Although the Arduino Pro Gateway ships with a Raspberry Pi according to Massimo Banzi, who announced the gateway last week, you should be able to “…set it up with any single-board ARM-based computer.”

Despite this caveat, it seems clear that, at least right at the moment, the Raspberry Pi is finding yet another niche as the board that most people seem to be using to host their gateways.

Because we’ve seen others using the Raspberry Pi in the same fashion in the past. While doing so was fairly involved a couple of years back, things have become a lot simpler since the arrival of the RAK WirelessRAK833 module.
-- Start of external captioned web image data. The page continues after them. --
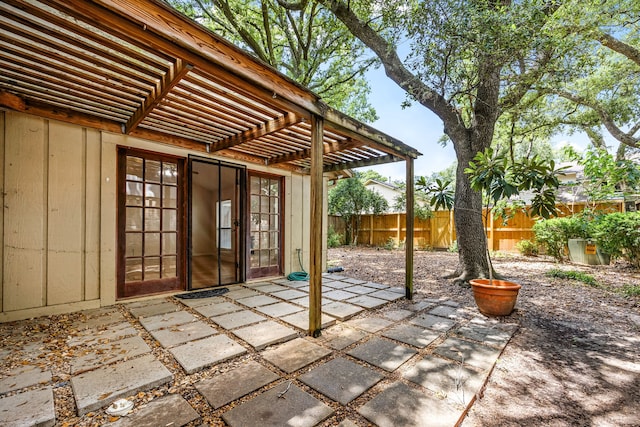 8020 Oakwood Forest Dr, Houston, TX 77040 - fenced backyard featuring a pergola and a patio area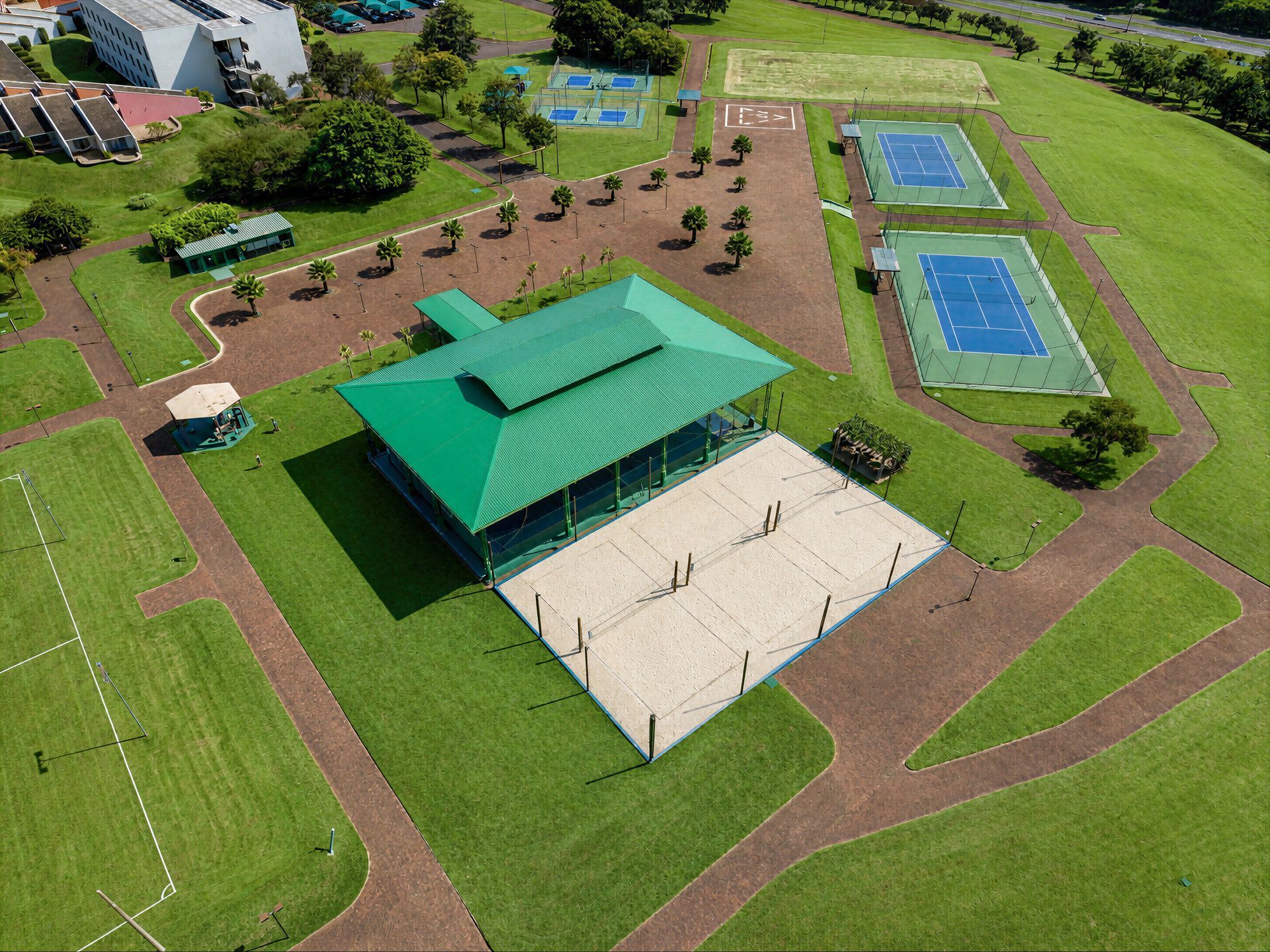 Uma vista aérea de uma casa verde com uma piscina no meio de um campo.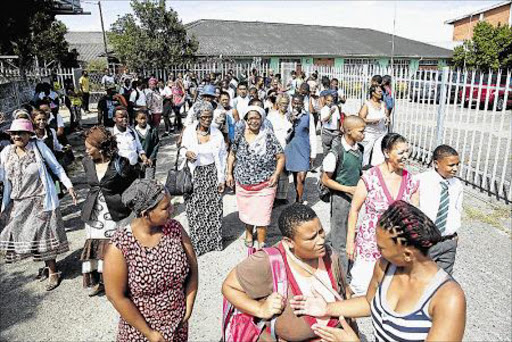 DESPERATION: Parents and their children pupils from John Bisseker who have not been able to secure placement at schools this year met at the outside John Bisseker Senior Secondary School yesterday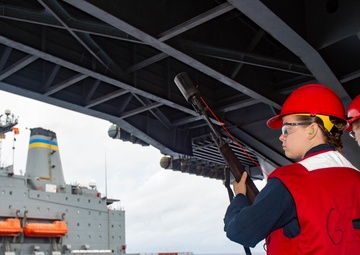 USS Ronald Reagan (CVN-76) conducts a replenishment-at-sea
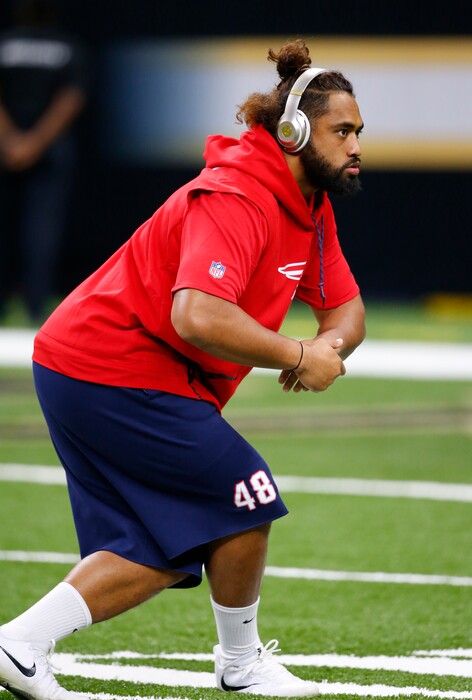 New England Patriots linebacker Harvey Langi warms up before an NFL football game against the New Orleans Saints in New Orleans, Sunday, Sept. 17, 2017. (AP Photo/Butch Dill)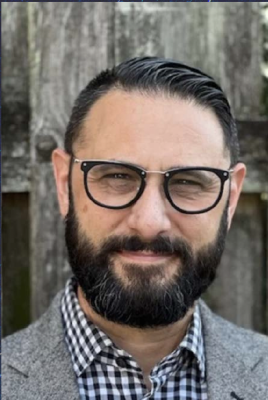 Photo of Vincent Intondi, man wearing black rimmed glasses, black beard and hair.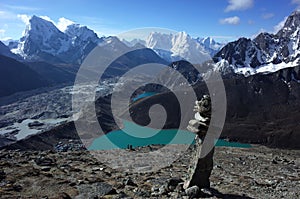 Hiking in Nepal Himalayas, Stone pyramid on Gorio Ri with view of Gokyo lake, Gokyo village, Ngozumba glacier and mountains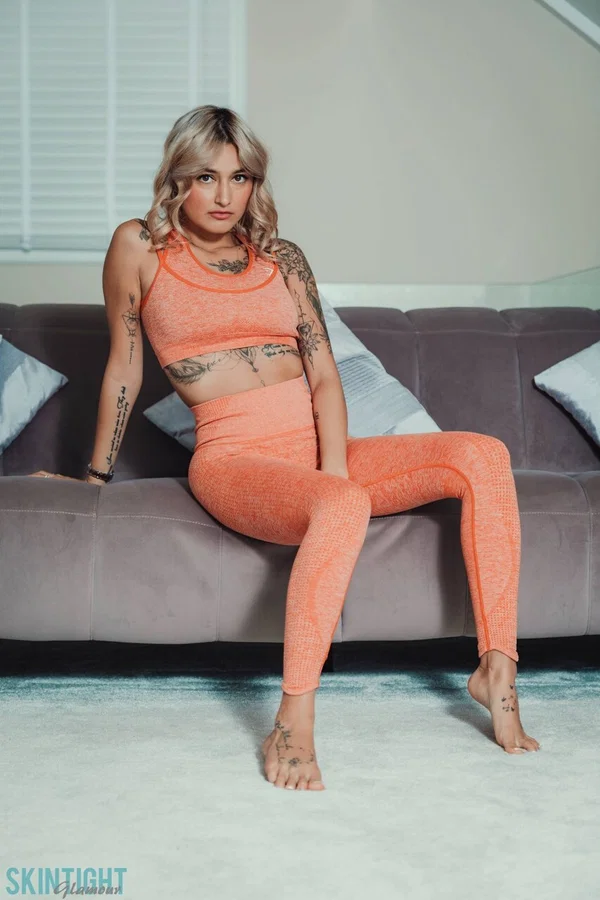 Tattooed blonde Seline P Seline P removes skintight athletic wear to get naked  - Yoga Pants, Tattoo, Model, Big Tits, Clothed, Undressing, Legs, Blonde, Glamour, Spreading  - Photo 2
We’ve now seen several builds make use of the new RAK hardware which, like the Embit EMB-LR1301 board chosen by Arduino for their gateway, ships as a mini-PCI Express module and is also based around Semtech’s SX1301 chipset. Last month, for instance, Pi Supply announced a range of LoRa boards with a Kickstarter campaign, including a RAK833-based Raspberry Pi HAT to serve as a gateway.

So while The Things Network gateway—which retails at €200, or just twenty percent of the cost of the cheapest available off the shelf gateway models before it shipped—is rather hard to get hold of right now, it’s listed as discontinued by RS Components, and is out of stock at Farnell. A maturing hardware base means you no longer have to try and pick up one of the few units still out in the wild, if you don’t want to roll your own gateway.

The European version of the Arduino Pro Gateway for LoRa, operating at 868 MHz, is now available for pre-order on the European version of Arduino Store and costs €350.00 plus tax and shipping, and the first pre-orders for EU units should begin shipping in mid-January 2019. Although an American version of the gateway, which operates at 915 MHz, isn’t available it should be coming to the US Store soon.

The PiSupply IoT LoRa Gateway HAT for Raspberry Pi is shipping now to beta testers for review, with production hardware predicted to be going out to Kickstarter backers in February or March next year. It costs £108.32 plus tax and shipping—although that doesn’t get you the Raspberry Pi, enclosure, and power supply included with the Arduino gateway—with both EU and US versions of the HAT available to pre-order this week, with hardware shipping just as soon PiSupply’s Kickstarter backers have their orders fulfilled.